先生が授業途中で出張に出たもんだから、HRもないし早く解放されてしまった。



生憎クラスメートに部活同じ人いないし暇なのでパパッと着替えてコートにネットを張る。



「…ちわーす」



せかせか動いていると、入口の方から覇気のない声がしたので振り向いた。



「…あれ、珍しい」



選手1番乗りは、なんと1年の国見だった。



「……入ってきた途端酷くないですか?」



「いつも国見遅刻気味じゃないの」



「そうでしたっけ?あ、それ危なっかしいので貸してください」



「あー、ごめんありがとう」



倉庫から引っ張り出してきたポールは危なっかしいからと取り上げられてしまった。



「及川さん目当てじゃない貴重なマネージャーに怪我されたら困るんで」



「…心配してくれてるのかよくわからないね」



心配してるのかは謎だけど、及川目当てじゃないマネージャーは確かに貴重かもしれない。
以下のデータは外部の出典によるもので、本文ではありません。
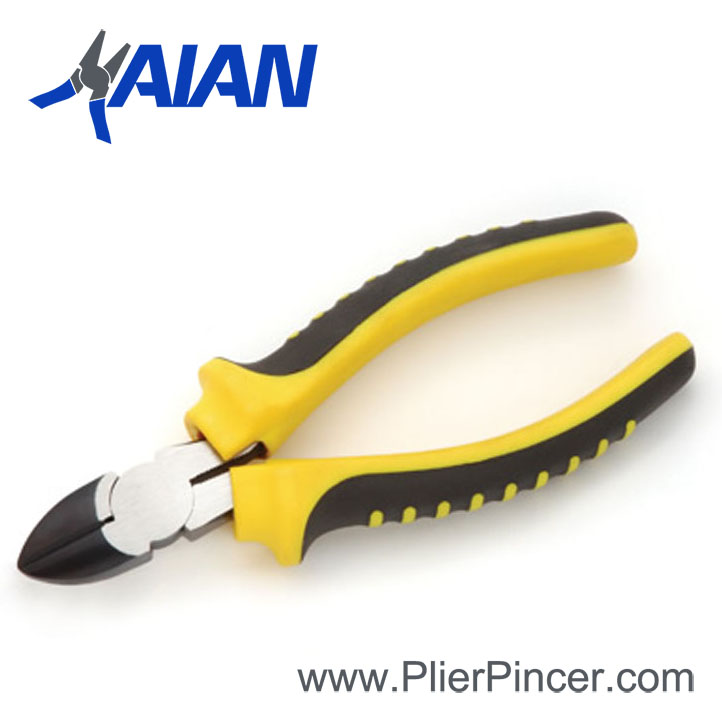 American Type Diagonal Cutting Pliers, Yellow Handles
私からしたら、及川の何がいいのかさっぱりわからないのだけど。



「…終わりましたよ」



「あれっ、もう?!」



「みょうじさんと違って運動してる男ですから、それなりに力はありますよ」



パッと見ひょろひょろっとしてて、あんまり筋肉とか無さそうなイメージだったんだけどな。



それに、今日は国見がよく喋る。すごく変な感じ。



「…今、すげー失礼な事考えてますよね?」



「…いや、失礼では無いよ。うん」



「そうですか、ならいいんですけど」



気まずくなってジャージのポッケに手を入れると、小さな箱に当たった。



「…国見」



「何ですか?」



「これあげる、塩入ってるけど」



何時だったか、及川と岩泉が言ってた。国見はキャラメル好きだってこと。



今朝、コンビニで買ったまま食べてなかったそれは、塩が入ってるけどキャラメルには変わりないだろう。多分。



「…いいんですか?」



「今日のお礼とかそこら辺ってことで」



「ありがとうございます」



国見は早速パッケージを開けて、1粒キャラメルを取り出して食べ始める。



いつも死んでる表情筋が活動している国見は、身長は180を軽く超える大男だけど、とても可愛らしい。



こうしてみれば、可愛い顔してて年相応って感じ。



「…そんなにじっと見るとか、先輩も食べたいんですか?」



「国見が美味しそうに食べてて可愛いなって思っただけだから」



「……なまえさん」



「うん。うん?」



突然の名前呼びに驚いていると、口に柔らかいものが当たった。



それが国見の唇だったことがわかるまでに数秒を要した。



「……く、にみ」



「好きですよ、なまえさん」



その瞬間、体育館のドアが開いて及川たちがやってきた。



「部活後、返事を聞かせてくださいね」



私の周りには、国見が残して言ったキャラメルの甘い香りが立ち込めていた。